Israel has confiscated land from Saffa in order to construct six Israeli settlements:

- 814 dunams for Kfar Rut,
- 781 dunams for Shilat,
- 682 dunams for Menora,
- 471 dunams for Makkabim,
- 441 dunams for Lapid, and
- 5 dunams for Hashmona'im.

== Religious sites ==

=== Sheikh Shihab ed-Din shrine ===
Saffa houses the Sheikh Shihab ed-Din maqam, one of four dedicated to this seikh, found in Jaffa, Ramla, and Nazareth. Surrounded by newly developed residential areas, this maqam sits atop a natural hill, approximately 1 km north of the ancient Roman road connecting the coastal plain to Jerusalem via Beit 'Ur (ancient Bethoron) and el-Jib (ancient Gibeon). Archaeological evidence reveals a Roman settlement that thrived in the Byzantine period, possibly a monastery, marked by structures like a large building, cisterns, inscriptions, and a winepress.

While the site declined in the Early Islamic period, it was reestablished during the Ayubbid and Mamluk periods as a worship site, cemetery, and a sanctuary in memory of Sheikh Shihab ed-Din. The maqam's construction phases are identifiable, with the grave chamber and its extension likely dating back to the Ayyubid–early Mamluk period. The prayer hall and courtyard belong to the early Ottoman era. Notably, the tomb chamber and its southern extension underwent separate building phases, indicating the initial burial of the Sheikh followed by the later interment of his sons in an annexed part of the chamber.
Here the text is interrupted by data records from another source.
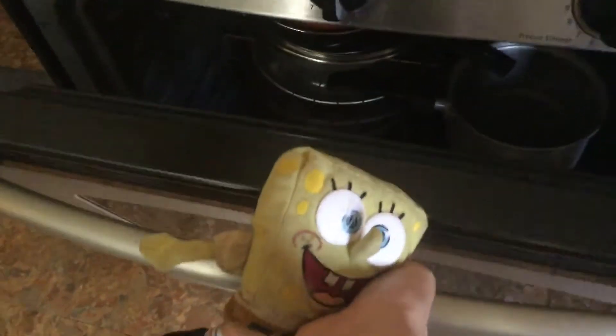I want to dance with it. Spongebob, concentrate. Oh yeah. My name is Oven Man.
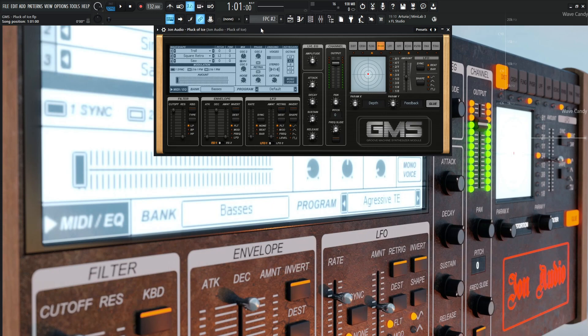This is also going to be using the arpeggiator within the Fruity Wrapper. We'll get to that in just a moment. So this is what the patch sounds like.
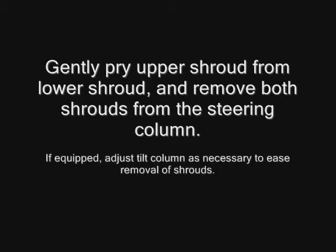Gently pry the upper shroud from the lower shroud and remove both shrouds from the steering column. If equipped, adjust the tilt column as necessary to ease the removal of the shrouds.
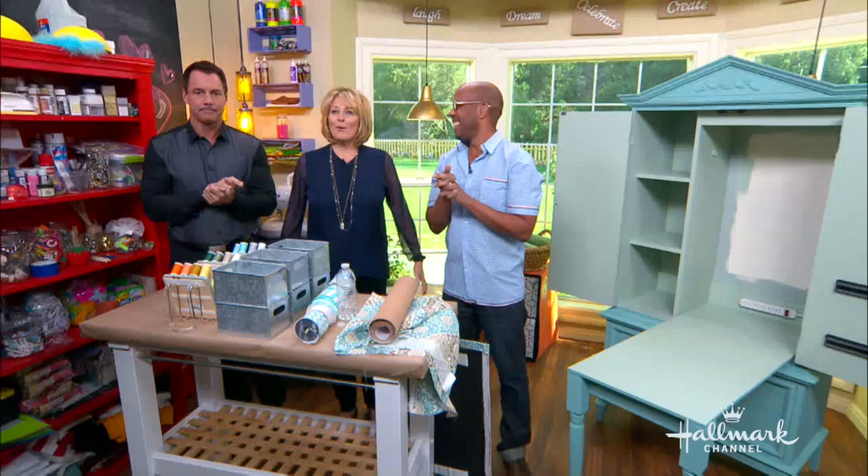Riding up your day the home and family way. Yesterday, Ken Wingard showed us how to turn an ordinary armoire into a creative center to store our sewing supplies. So today, Ken's going to show us how to organize everything inside of it. And remind us what our goals are, Ken.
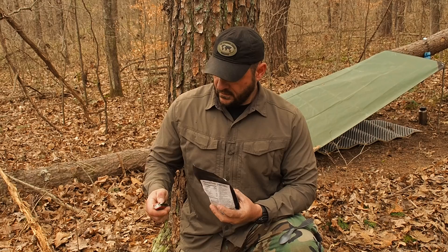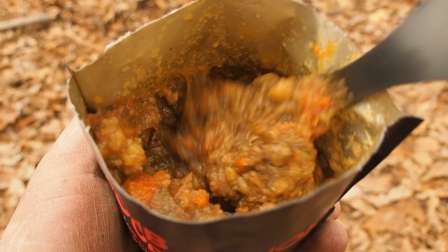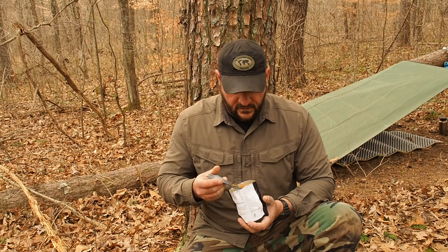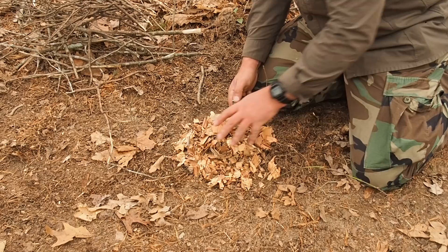All right, lamb stew. Cut that open MRE style - oh yeah, look at that chunk of lamb right there. Hands down the best.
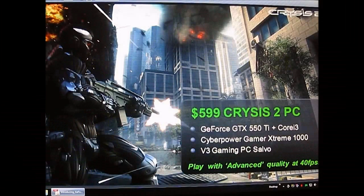While going through NVIDIA's press presentation slides, there was this interesting tidbit about an upcoming $600 Crysis 2 PC from CyberPower and V3 Gaming, which uses Intel's Core i3 processor mixed with the GeForce GTX 550 Ti and promises that it can play Crysis 2 in advanced quality at 40 frames per second. So that was actually the basis for this review.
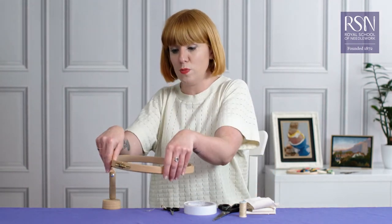I'm going to show you how to wrap a ring frame. This is to prevent fabric from slipping between the wooden hoops.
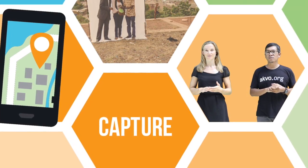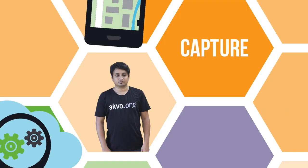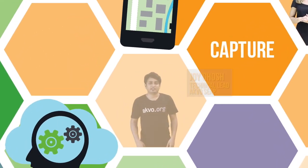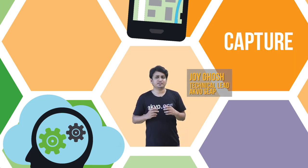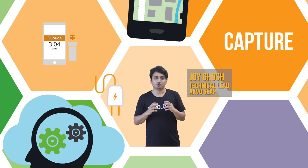To get a more detailed view of one of those field test kits, let's talk to Joy. So Joy, tell us a bit more about what we are looking at. At Aqua, we are developing various field tests which can form part of your data collection. All of these tests are integrated with the AquaFlow app.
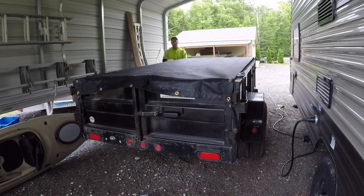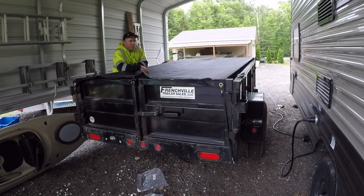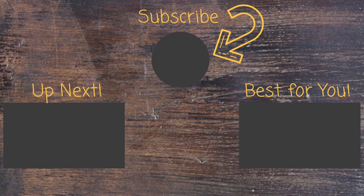There you have it! I think this is going to be great. I paid about $160 for this one — it depends on your trailer size. It's a Buyers kit, I got it on Amazon and I'll leave a link in the description. If this video helped you out, please give it a thumbs up, subscribe, and comment with any questions. Thank you for watching.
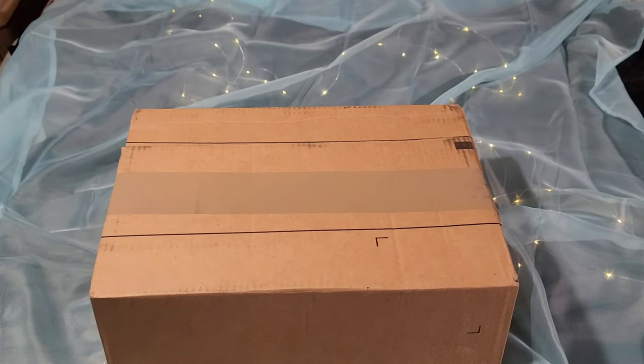Hey everyone, it's Stacey again coming to you with another unboxing of a few items that I got from the Coach Outlet website. I have yet to step foot in the actual outlet — I've just been doing all online shopping. I don't think there's any near me, but I'll look it up.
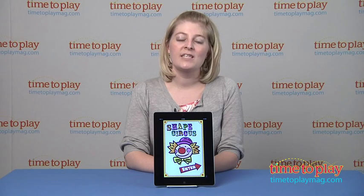If you want to find out more information on this app, such as how much it costs, come visit time2playmag.com, your number one source for all things play.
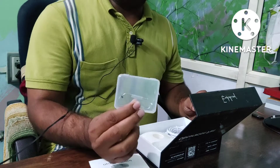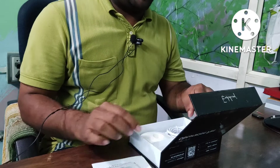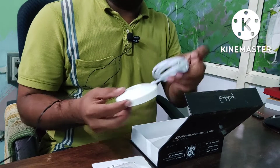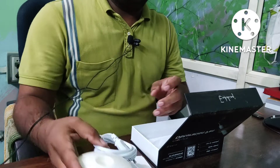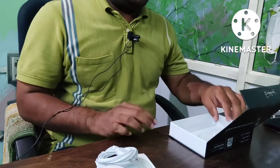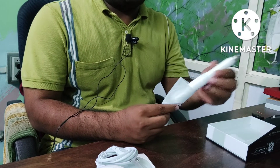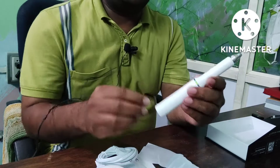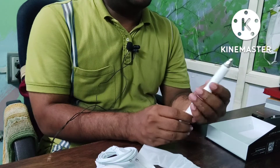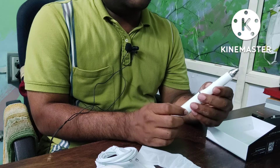This is the obturation pin. They provided two pins. This is the charging cable — very nice charging cable, quality is also good. And here is the obturation pen. It is well wrapped up. You can see this is the Endokine obturation pen. This button is for charging when it gets heated.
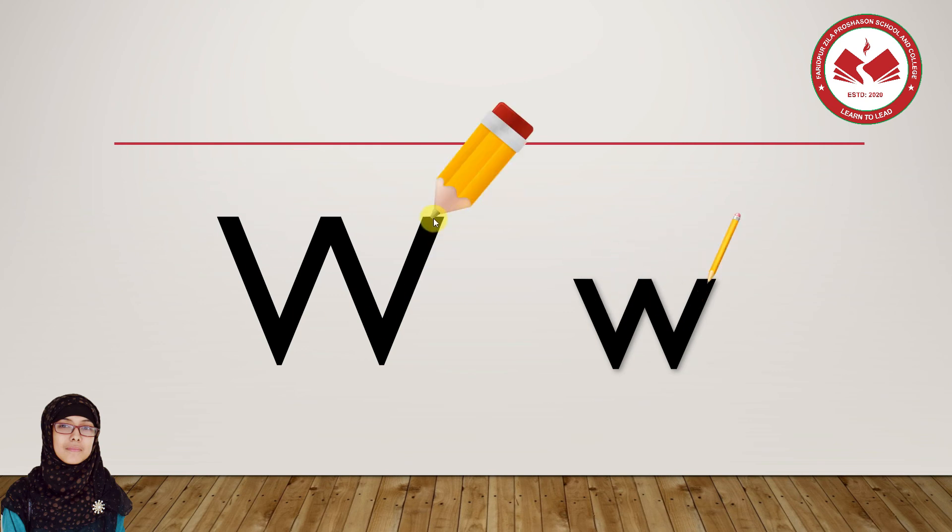Let's see: one, two, three, four — lower, lower, lower. Okay. Similarly, let's see how we write small w: one, two, three, four. One, two, three, four. Okay?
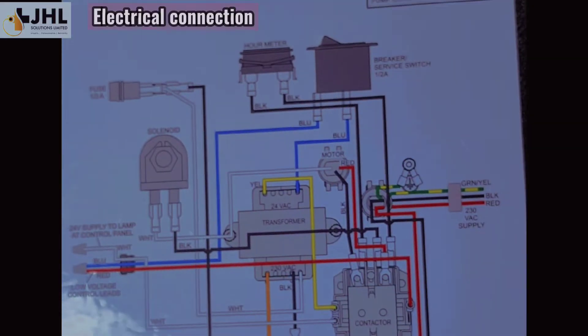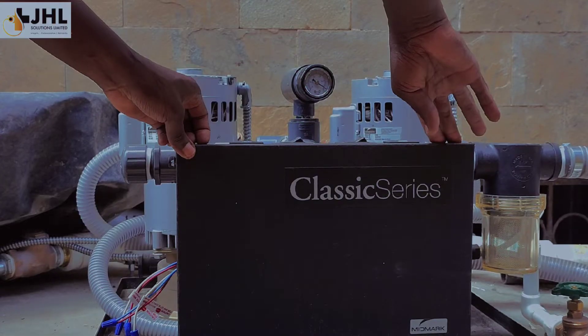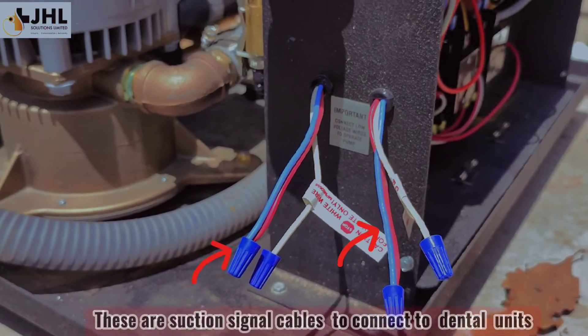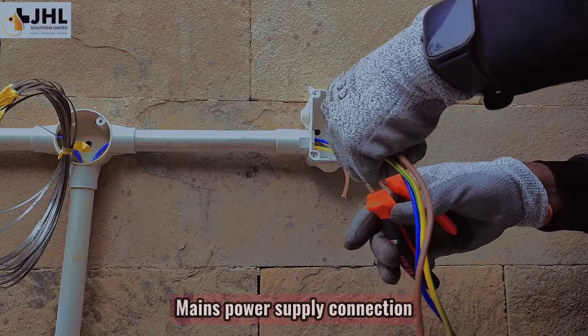The control box contains two independent circuit diagrams for each pump. Note, this wiring is from the manufacturer. These are suction signal cables to connect to the dental units. Main power supply connection.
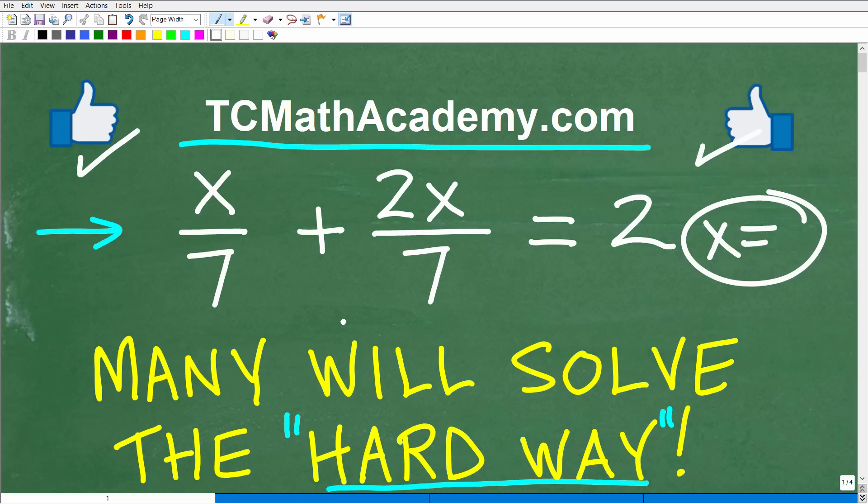It's one thing to watch me do a problem. But if you want to get good at algebra and improve your mathematics, you need to practice. Check out all my videos on YouTube, go to my course, or just do your homework. Whatever it is, practice to get better at math. I definitely wish you all the best in your mathematics adventures. Thank you for your time, and have a great day.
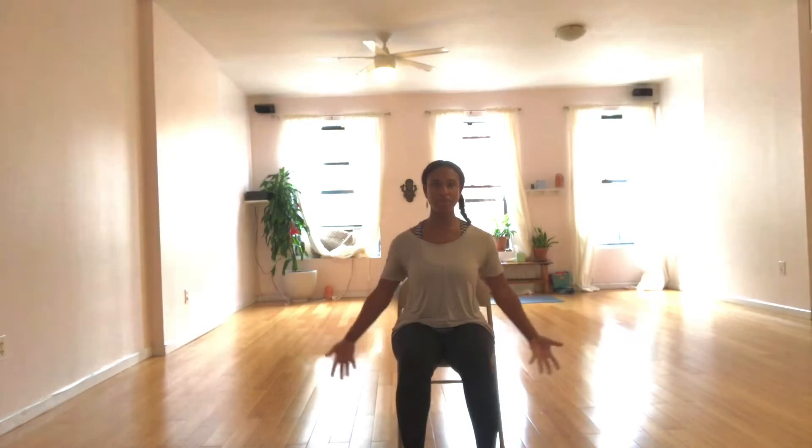Letting the lips come together. Open the eyes. Inhale your arms up overhead. Get as tall as you can, fingertips to the sky, and then draw the shoulders down so the shoulder blades are softening down your upper back. Breathe in for length. And on the exhale, we're going to twist.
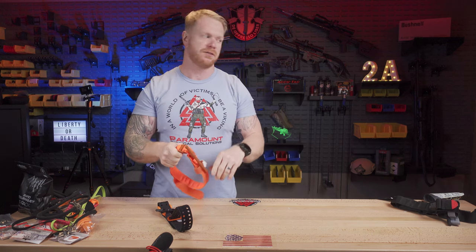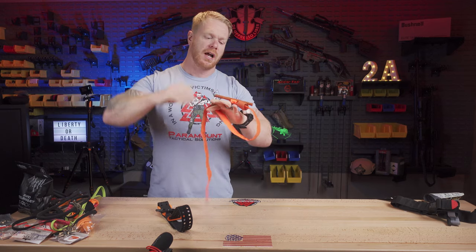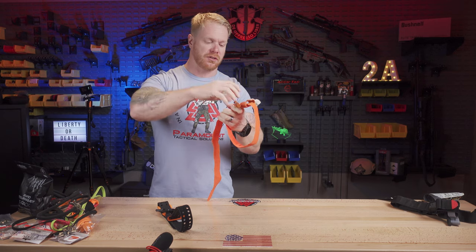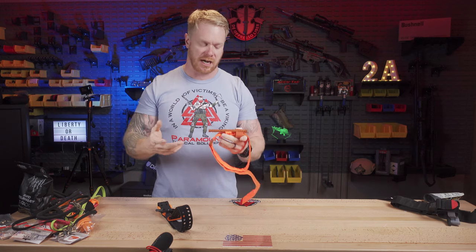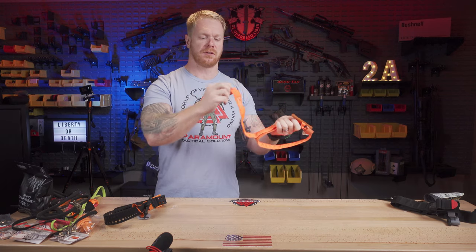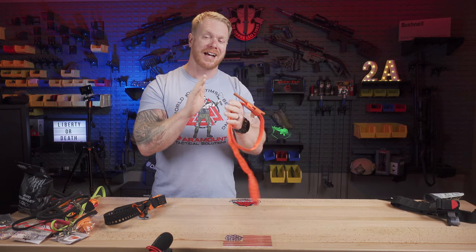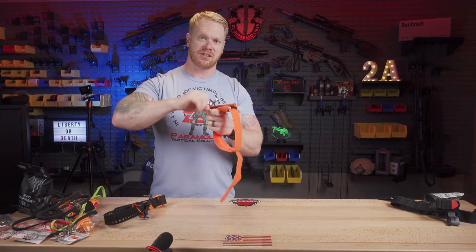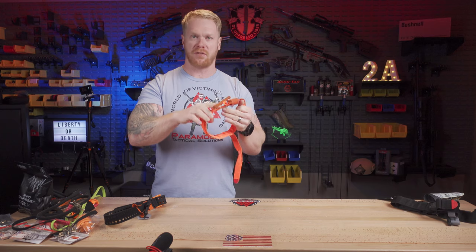We see this in training all the time — even after students get a couple of good reps, they're still not pulling it tight enough and not remembering to secure enough Velcro. When they start applying the tremendous force the windlass can generate, it breaks free and they lose the tourniquet. The other shortcoming I've seen personally in combat is that it has a phenolic plastic or polymer windlass. In 2008 in combat, we actually put two of these on a guy with an amputation on the leg and snapped the windlass on both. We ended up throwing a different tourniquet on there — a Soft-T — that took care of the problem. So we still have this plastic windlass that could potentially break.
The decision to establish Sheikh Shihab ed-Din's maqam here stems from three key motives: honoring the Sheikh, meeting local Sufi requirements for a tranquil worship space, and creating a defensive lookout against Crusaders. Hilltop maqams were strategically networked to alert against potential threats.

== Archaeological Looting ==
A study conducted by archaeologist Salah Hussein Al-Houdaileh of Al-Quds University on 119 Roman and Byzantine period rock-cut burial caves near Saffa revealed extensive looting, with all caves showing marks of robbery. This has caused considerable damage to the tomb, desecration of numerous ancient burials, and displacement of a large number of funerary artifacts from their original sites. The looting of Roman and Byzantine tombs in Saffa and surrounding areas is driven by several factors, including poverty, a lack of public awareness, insufficient enforcement of antiquities laws by the Palestinian National Authority, and an increasing demand in the illegal antiquities market for archaeological items.